Thankfully, Apple’s Mac OS X Mavericks has some very neat privacy features built in – from a “Guest User” account which restricts people to using Safari when borrowing your Mac to a panel which prevents apps using your location.

Our tips should ensure you are getting the most ot of the built-in protections offered by your Mac – and could prevent a thief stealing your data if you’re unlucky enough ever to lose your machine.

Put your Mac to sleep

If you have your screen set to sleep after 10 minutes or longer, it can leave a ‘window’ which an opportunistic thief – or unscrupulous colleague – can exploit to access your private data. Ensure your computer is set to require a login password immediately after sleep (you can check this in System Preferences/Security and Privacy) and press Command-Option-Eject when you leave your seat  (that’s Command-Option-Power is your Mac doesn’t have an Eject key). For added protection in case you forget, ensure your screen is set to the shortest delay before sleep possible (one minute), using a menu option found under Energy Saver.

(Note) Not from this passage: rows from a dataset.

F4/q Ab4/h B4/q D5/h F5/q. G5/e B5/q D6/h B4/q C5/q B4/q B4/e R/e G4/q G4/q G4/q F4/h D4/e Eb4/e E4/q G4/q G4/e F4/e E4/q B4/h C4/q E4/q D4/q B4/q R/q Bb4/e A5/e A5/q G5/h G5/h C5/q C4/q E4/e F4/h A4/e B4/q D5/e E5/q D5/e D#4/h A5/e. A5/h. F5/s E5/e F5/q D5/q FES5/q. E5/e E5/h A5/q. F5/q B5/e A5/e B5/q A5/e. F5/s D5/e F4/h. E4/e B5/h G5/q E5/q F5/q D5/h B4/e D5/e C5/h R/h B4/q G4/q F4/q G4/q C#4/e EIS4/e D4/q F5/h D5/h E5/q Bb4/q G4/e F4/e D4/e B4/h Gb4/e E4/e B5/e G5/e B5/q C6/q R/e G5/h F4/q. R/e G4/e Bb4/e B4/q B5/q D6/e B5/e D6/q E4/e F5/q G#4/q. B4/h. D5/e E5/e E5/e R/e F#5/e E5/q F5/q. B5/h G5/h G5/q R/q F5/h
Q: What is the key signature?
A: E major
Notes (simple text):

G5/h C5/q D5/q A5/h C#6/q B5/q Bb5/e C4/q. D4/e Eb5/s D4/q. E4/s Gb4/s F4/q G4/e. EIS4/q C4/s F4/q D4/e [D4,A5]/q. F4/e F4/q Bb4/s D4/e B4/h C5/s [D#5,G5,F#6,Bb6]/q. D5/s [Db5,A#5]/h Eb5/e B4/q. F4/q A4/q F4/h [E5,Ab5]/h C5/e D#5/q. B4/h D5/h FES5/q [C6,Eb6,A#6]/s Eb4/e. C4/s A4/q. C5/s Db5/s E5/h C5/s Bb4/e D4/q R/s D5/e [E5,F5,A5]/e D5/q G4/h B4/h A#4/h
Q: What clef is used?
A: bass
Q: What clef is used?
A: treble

Keep your data under lock and key

Encryption used to be a complex and forbiddingly time-consuming process – but Mac OS X’s  built-in Filevault 2 offers high-grade protection without too much fuss. Just make sure to remember your login password and recovery key (generated as you encrypt your data) – without them, your files are gone forever. Filevault’s high-end XTS-AES 128 encryption makes it very difficult for a thief or attacker to access your data without your password – and allows for instant wipes if you want to hand  your Mac to someone else. The wipe function removes the encryption keys from the Mac, making the data extremely difficult to access, then proceeds with a normal wipe of the disk.

Make use of Guest User

One of the useful new privacy features which arrived with Mac OS X Mavericks is an improved Guest User – a log-in purpose-built for those times when a colleague or acquaintance asks to borrow your Mac “for a minute”. Handing over a computer, for any length of time, is a privacy risk. Guest Users allows the machine’s owner to let someone use it as a Guest – which, if Filevault is turned on, restricts the visitor to using Safari, denies them the chance to install software, and deletes all the files they modified on exit.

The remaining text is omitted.